23 October 2017. Women play an important role in food production and provision in Africa South of the Sahara (SSA), yet are underrepresented in the agricultural research community in many countries. Fewer women than men are trained, recruited, and employed in the agricultural sciences. Where they are employed, female researchers are often young and less qualified than their male colleagues.
The good news is that, according to a recent paper in the Journal of Gender, Agriculture and Food Security by Nienke Beintema, head of the Agricultural Science and Technology Indicators (ASTI) initiative, many African countries have begun making progress towards a gender balance in their agricultural research systems.
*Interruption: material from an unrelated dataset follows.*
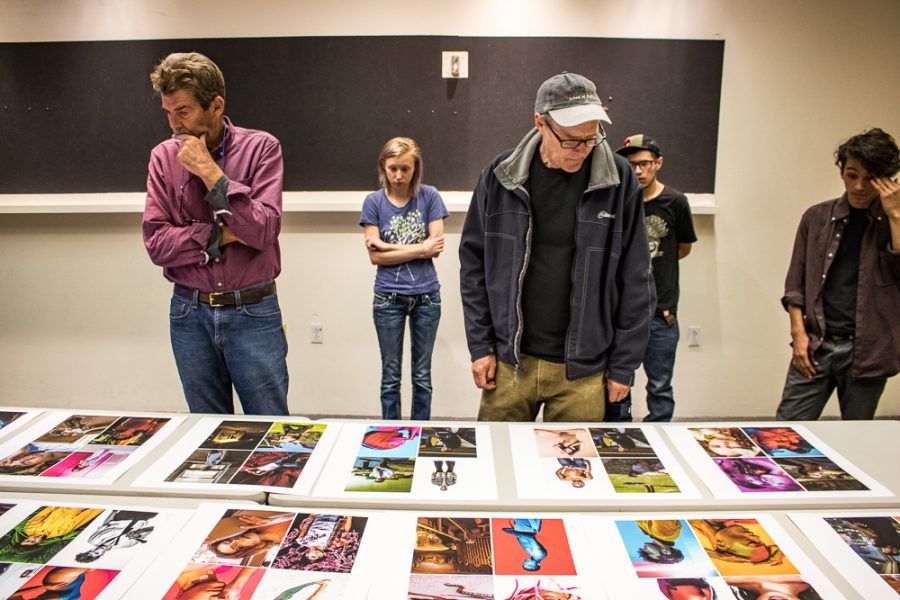 Photography Department Lead Faculty Tony O’Brien and Portrait and Fashion Instructor Eric Swanson analyze Marco Rivera’s photographs. Photo by Chris Dorantes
The data can be accessed via ASTI’s new Women in African Agricultural Research Data Portal, created in partnership with African Women for Agricultural Research and Development (AWARD).
The number of women researchers in Africa South of the Sahara rose in both absolute and relative terms between 2008 and 2014—possibly due to increased access to education for girls, which has resulted in more women enrolled in agricultural sciences, and sciences overall.
Beyond the goal of basic equity, there are many arguments for including more women in agricultural research. As the InterAcademy Council observed, (Inventing a better future, 2004, 160 pages) more than half of most countries’ populations—their women—have traditionally been overlooked for important jobs or were deprived of the education needed to make them contenders, robbing countries of enormous reservoirs of talent in science and technology. Higher rates of female participation in science and technology have been shown to improve the quality and competitiveness of research and innovation.